— Problem description —
Using the records below, transcribe word for word the stretch from the line that contains "Plutus Fuchsia Black" through the line that contains "LEGO Jurassic World", both end lines included, and nothing else.

— Raw data —
>>>

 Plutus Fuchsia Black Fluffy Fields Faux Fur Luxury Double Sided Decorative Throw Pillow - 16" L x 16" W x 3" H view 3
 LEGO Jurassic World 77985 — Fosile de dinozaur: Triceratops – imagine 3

<<<
>>>

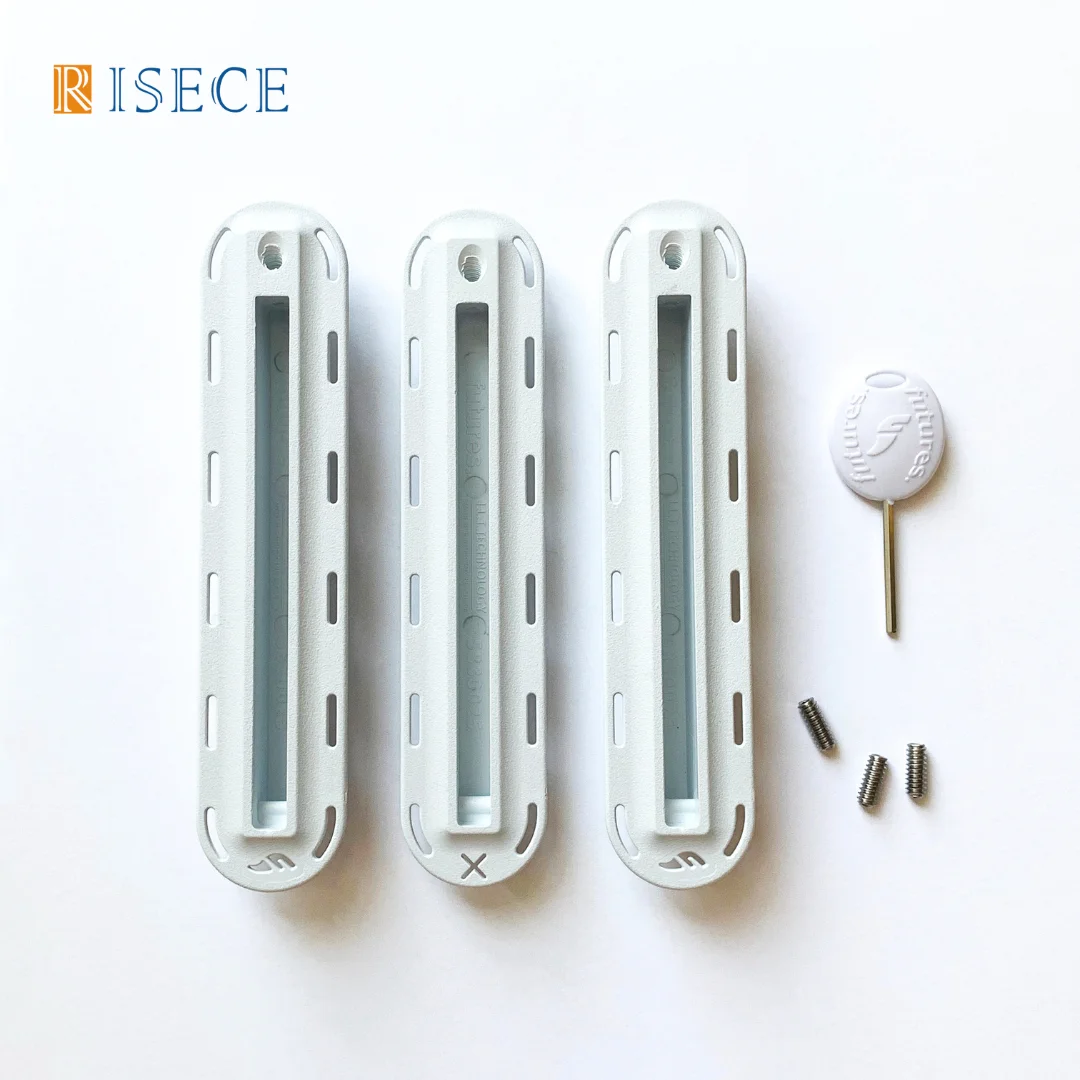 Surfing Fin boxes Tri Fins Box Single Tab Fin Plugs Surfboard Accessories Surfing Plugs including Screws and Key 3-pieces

<<<
>>>

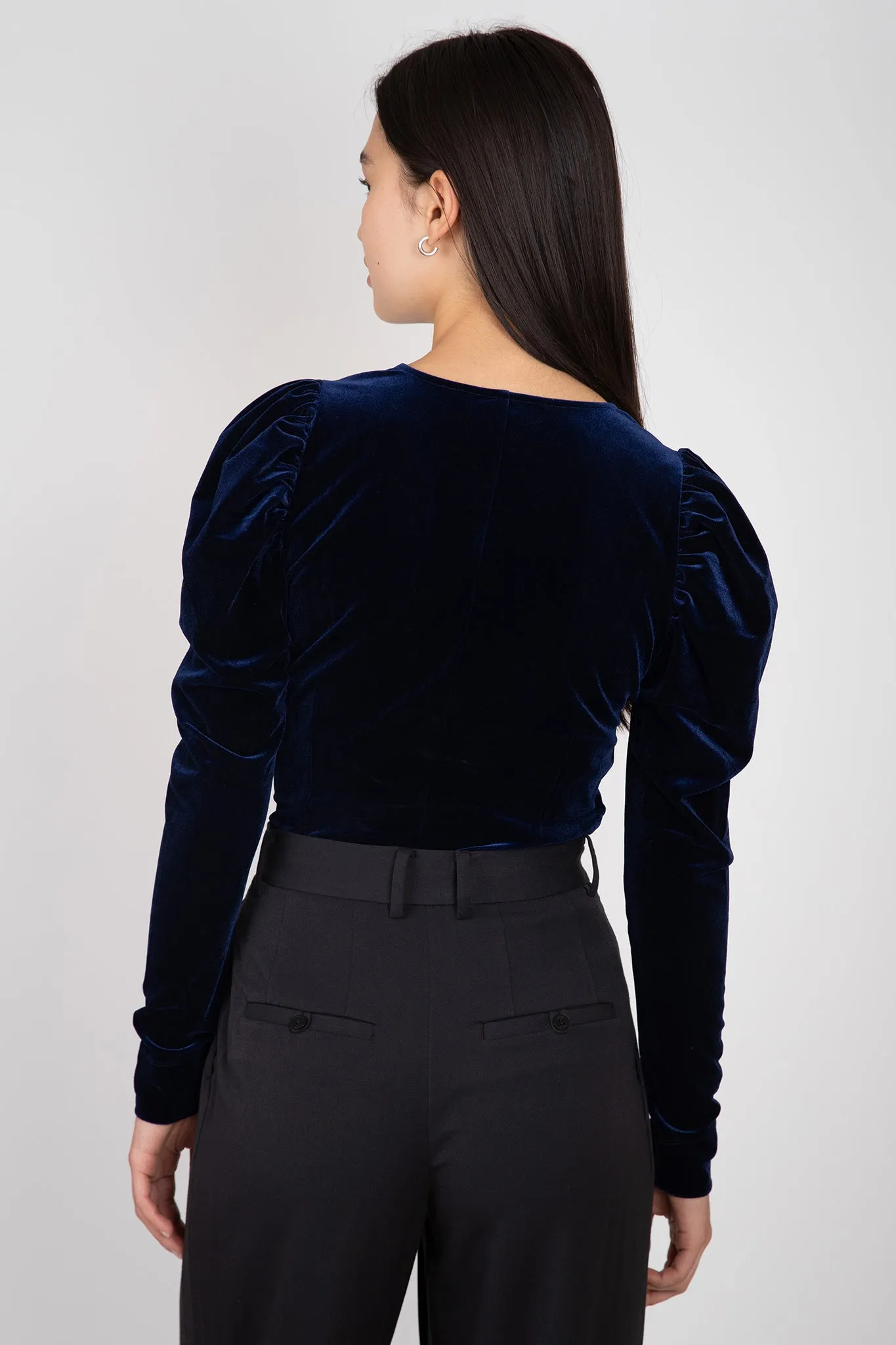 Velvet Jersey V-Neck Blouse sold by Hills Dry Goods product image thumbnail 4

<<<

— Result for this exercise —
 Plutus Fuchsia Black Fluffy Fields Faux Fur Luxury Double Sided Decorative Throw Pillow - 16" L x 16" W x 3" H view 3
 LEGO Jurassic World 77985 — Fosile de dinozaur: Triceratops – imagine 3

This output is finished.